したがって、特に新譜だけってわけじゃないですが、お許しを。
Pere-Furu/Pere-Furu(2001:まぼろしの世界)
ボンデージフルーツ、デフォルメ、ブラック・ステージ、KICKSなどさまざまなバンドを使い分けて。なおかつ単発のセッションまで含めると、彼らは今までにいったい何度競演してきたんだろう。
90年代から幾度となく競演してきた無敵のコンビ、勝井祐二(vln他)と鬼怒無月(g他)によるユニットである、Pere-Furu(ペル・フル)のファーストアルバムがついに出た。
発売レーベルの「まぼろしの世界」は、勝井と鬼怒によるインディ・レーベル。
Pere-Furu名義の活動はしばらく前からあったから「ついにリリースされた!」って感じ。待ち遠しかったな。
この二人の演奏は、聴いていて本当にスリリングだ。二人とも多彩なアイディアを惜しみなく披露し、そのうえアンサンブルとしてきっちり成立している。
むやみとノイズ的な構成に流れず、聴きやすい音世界だ。
CDに収録された演奏は、おそらく全てが即興。曲名は妙に散文的な日本語タイトルを付けられた。
アルバム前半では鬼怒よりも勝井のバイオリンが目立つ構成になっている。
エレクトリック・バイオリンの強みを生かし、ビート感が希薄な広がりのある音世界を作った。
いっぽう鬼怒はアコギ(セミアコかな?)をメインに使用し、爪弾きを多用したギターで、静かに盛り立てる。
鬼怒はエレキギターも使用しているが、アルバム全体を通して聴くとアコースティックな印象が強い。
ライブではもうちょい激しい印象だったから、初めてこのCDを聴いた時は戸惑ってしまった。
このアルバムは別にメドレー形式でもないし、曲同士の連続性もないのに。
まるでライブを通して録音したような、うねりや一貫性を感じる。
特に冒頭から中盤に向け、しだいにぐいぐいと音のテンションがあがる構成がいい。
ぼくが大好きな曲は7曲目の「眼の高さにある太陽」。
鬼怒と勝井のフレーズが絡み合い、高みへ上っていく。猛烈な早弾きから産まれる疾走感がたまらない。

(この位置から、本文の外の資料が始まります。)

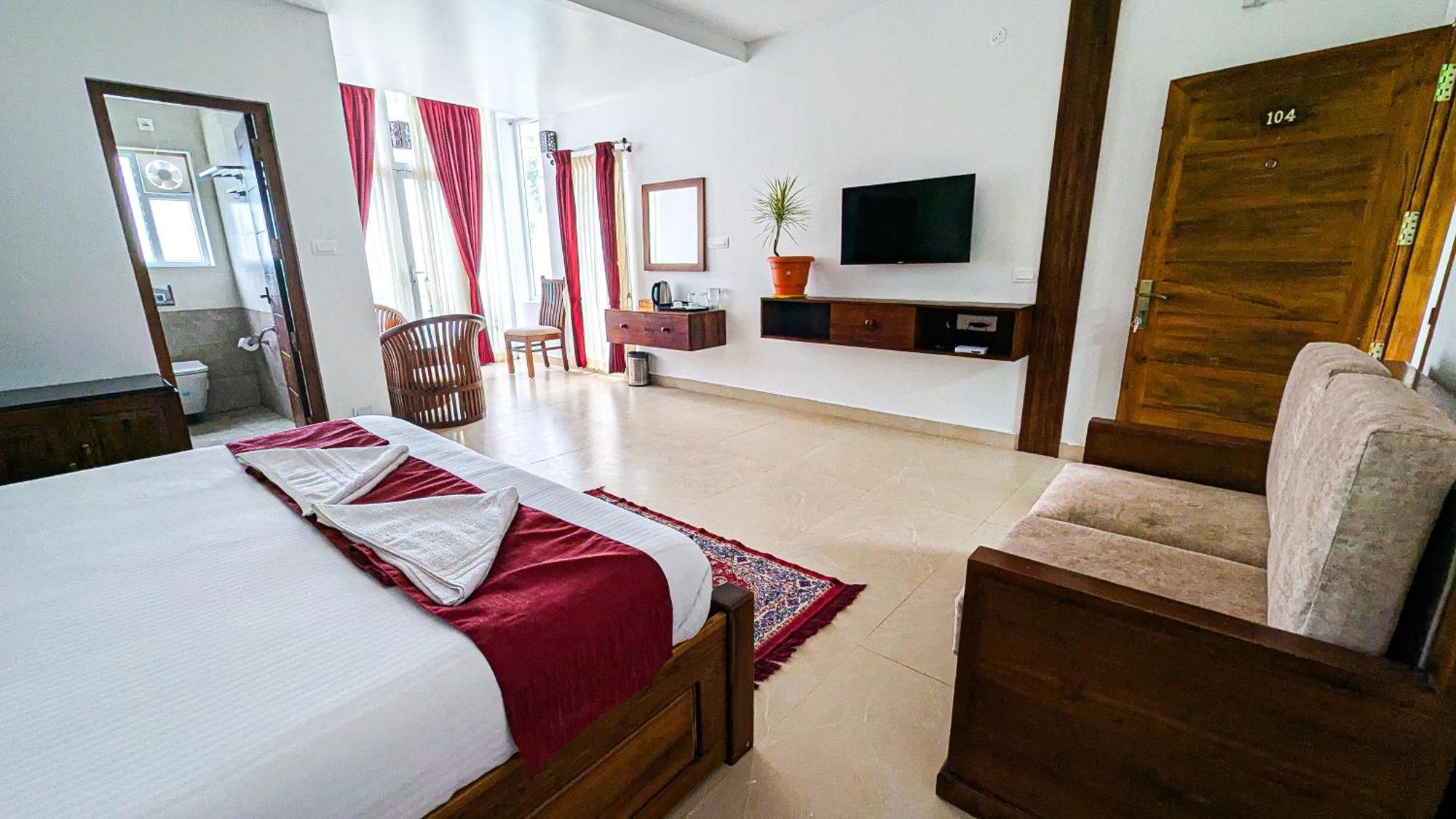 Valley View Inn, كوتاغيري المظهر الخارجي الصورة
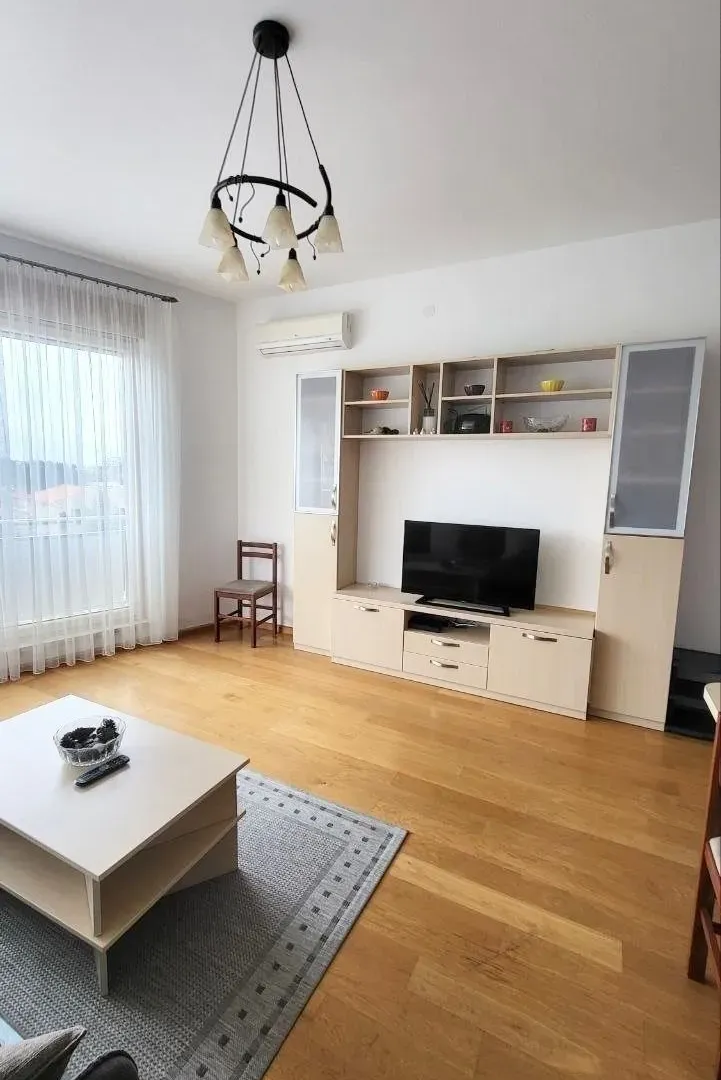 Sale, one bedroom apartment, 52m², Bečići, Budva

ギターとバイオリン互いが同時にソロを取りつつ、けっして打ち消しあわない。
二人のセンスががっぷり組み合った名演だ。
ライブのMCによれば、このアルバムはスワンプを意識して作ったそうだ。
だけど、そんなカテゴライズに押し込められるような音楽じゃない。
スペイシーで、泥臭くて、甘くて、透明で、ぴぃんと張り詰めてて。
時に相反するほど多彩な音要素を、貪欲に取り込む懐の広さがある。
自由奔放なフレーズに耳をそばだてるもよし、あったかい音に包まれてうっとりするもよし。
さまざまな楽しみ方を可能にする一枚です。
ちなみに本盤は全曲スタジオ録音(一部、勝井の自宅スタジオも使用)で製作された。
彼らの場合、各種ライブ音源だけでもすさまじく充実したアルバムができるはず。もっともっと二人の演奏を聴きたいな。